In terms of the discussion over how they have altered the dynamics of saidar and saidin…

 

*They seem to be intentionally murking the waters here to prevent audience from having to learn a lot of rules and lore.

 

*They seem to be avoiding the need for training and teaching. Those aspects have virtually vanished from the written story. No scenes of Lan drilling the EF5, no scenes of Moiraine or other sisters working with Egwene/Nynaeve. Moiraine intentionally avoiding either attempting to help Rand understand his power, explain she is incapable of assisting him, or showing she actually can assist him. Instead she avoids the topic because it would contribute to his insanity. Intuitive learning seems to be their preferred route. 
 

*There has been painfully little distinction between the different flows, limitations on how it can be used, and now show-canon alterations to the rules of channeling. Linked channelers being forcibly overdrawn and burned out is a tangible and important change. 
 

why does this matter? Anyone who read or watched Death Note would potentially agree that working within the rules established by the Note was a huge part of the appeal. Most readers of the Wheel are endeared to the lore and very detailed dynamics of channeling. The whole power split and gender driven system was intentionally designed to eliminate mumbo jumbo Latin phrases and some hand waving to solve problems. The system designed helped drive the story and added nuance and layer.
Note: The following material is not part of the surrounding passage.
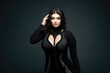 Sexy chubby plus size fashion model with large breasts in black tight dress, fat curvy woman on gray background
The show is skipping over those aspects or diluting them either because they lack understanding themselves, lack the confidence in an audience to follow the trail they need to lay down, or simply don’t care about the importance. 
 

 

The sad thing is, most of it wouldn’t even take much effort.  The Saidar/Saidin thing could be explained in a couple sentences and there were a couple perfect opportunities in the show.  As for the different weaves, they easily could have made them different colors to at least visually identify say, fire vs spirit.  This again comes down to the simple fact that the writers either don’t understand the story at all or are deliberately changing it.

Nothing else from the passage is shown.